In 'Sir Isaac Newton', People’s Book of Biography: Or, Short Lives of the Most Interesting Persons of All Ages and Countries (1868), 256.
I suppose that the first chemists seemed to be very hard-hearted and unpoetical persons when they scouted the glorious dream of the alchemists that there must be some process for turning base metals into gold. I suppose that the men who first said, in plain, cold assertion, there is no fountain of eternal youth, seemed to be the most cruel and cold-hearted adversaries of human happiness. I know that the economists who say that if we could transmute lead into gold, it would certainly do us no good and might do great harm, are still regarded as unworthy of belief. Do not the money articles of the newspapers yet ring with the doctrine that we are getting rich when we give cotton and wheat for gold rather than when we give cotton and wheat for iron?
'The Forgotten Man' (1883). In The Forgotten Man and Other Essays (1918), 468.
Though a little one, the master-word looms large in meaning.

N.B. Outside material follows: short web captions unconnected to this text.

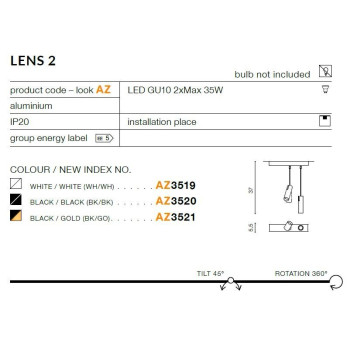 Oprawa sufitowa Lens 2 czarna AZ3520 - Azzardo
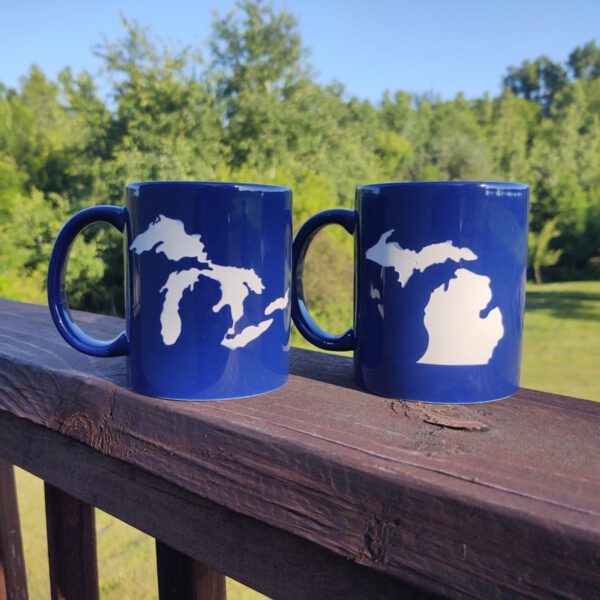 Michigan Mugs 11 oz Glossy Stoneware Royal Blue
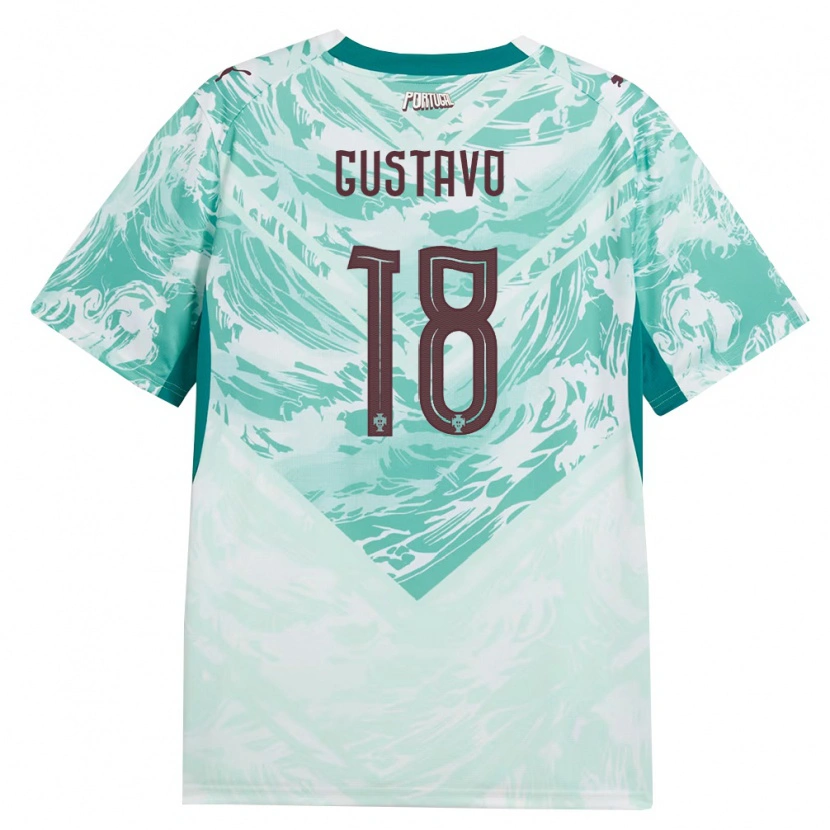 Danxen Men Portugal Gustavo Ferreira #18 Sky Blue White Green Away Jersey 26-28 T-Shirt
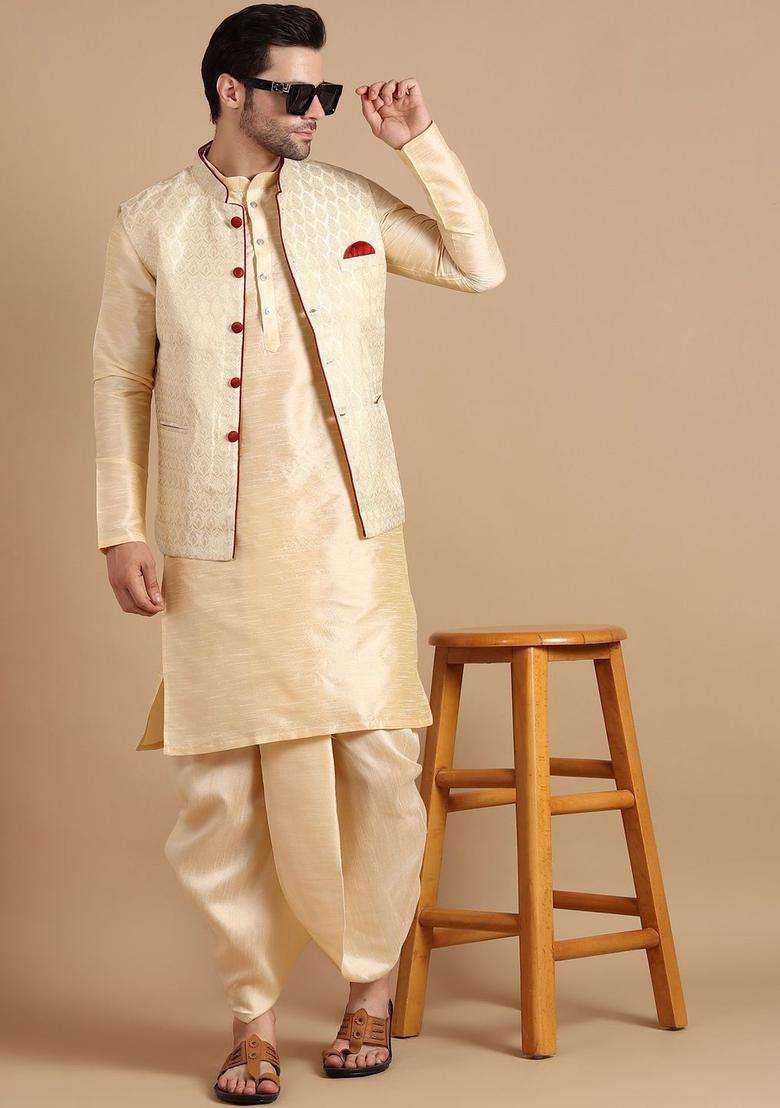 Cream Solid Silk Blend Kurta Set For Men - Indya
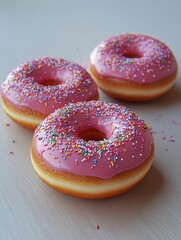 Donuts with Pink Frosting and Sprinkles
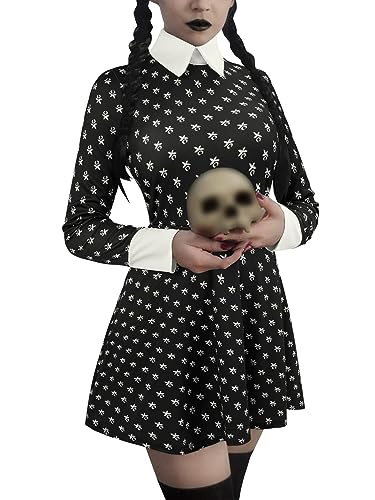 GIKING Halloween Kostüm Addams Familie Kostüm Frauen Erwachsene Mittwoch Kleid Morticia Boden Vintage Kleid, Schwarz (mit Aufdruck), Medium von GIKING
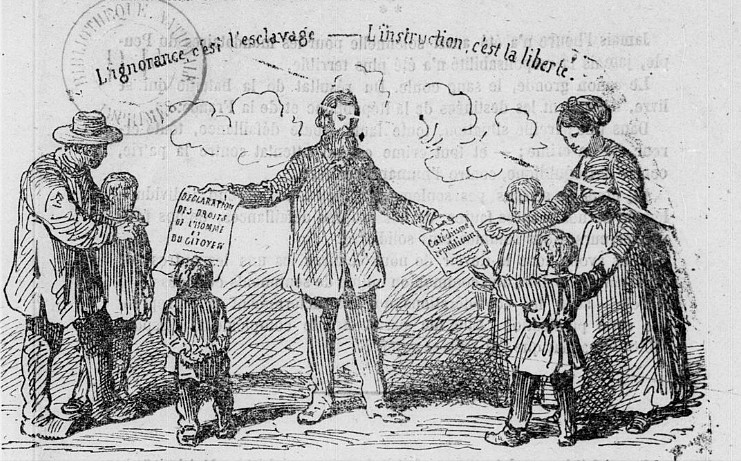 Gravure populaire parue dans L'Ami du Peuple N° 1 du 23 avril 1871 de Vermorel (source : La presse communarde - archivesautonomies.org)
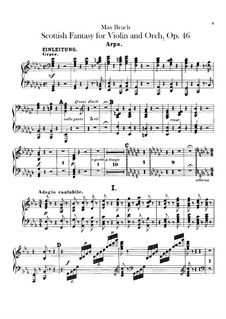 Scottish Fantasia for Violin and Orchestra, Op.46: parte harpa by Max Bruch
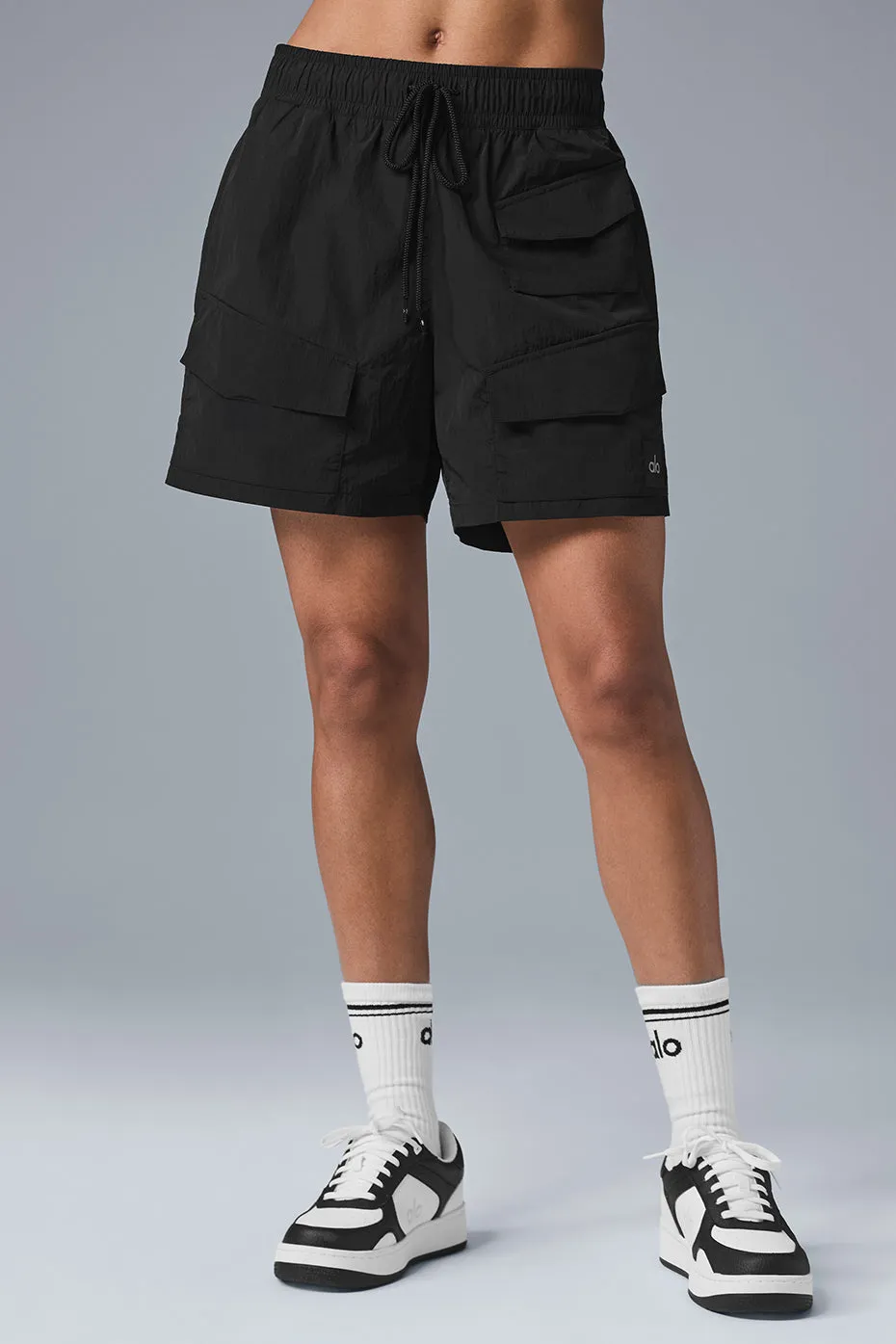 7" Crinkle Nylon Excursion Cargo Short - Black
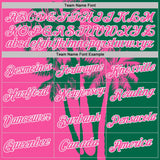 Custom Kelly Green Pink-White Hawaii Tropical Coastal Palm Trees Performance T-Shirt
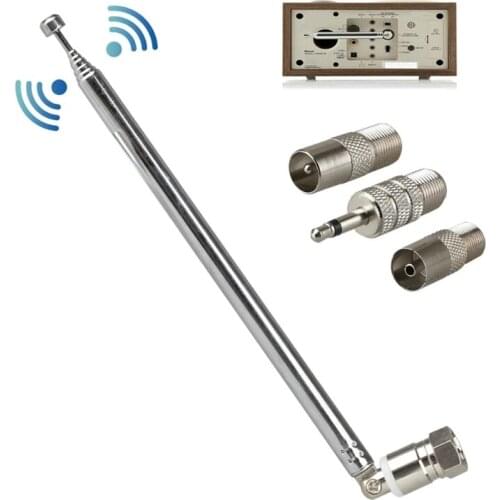 AXYB F Type TV Radio Telescopic Antenna Shrink Length 5.91in w/ 3 Adapters F Plug Telescopic Aerial Anti-noise for TV Radio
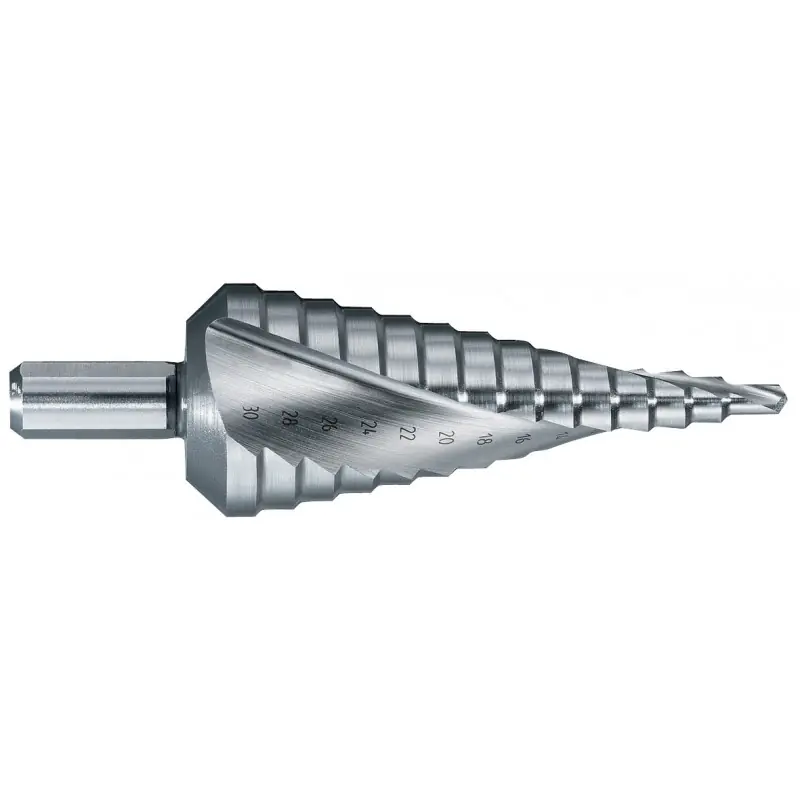 Nouvelle Collection FORET CONIQUE ETAGE HSS HELICOÏDAL POINTE EN CROIX QUEUE A 3 MEPLATS Ø4 A 30MM – TIVOLY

It is the open sesame to every portal, the great equalizer in the world, the true philosopher’s stone which transmutes all the base metal of humanity into gold. … The master-word is Work.
In Harvey Cushing, The Life of Sir William Osler (1926), Vol. 1, 617. 'The Master-Word in Medicine' was written for a festival (1903) for inauguration of new laboratories at the University of Toronto. It was published as No. 18 in Aequanimitas and other Addresses (1904, 1906), 373-374.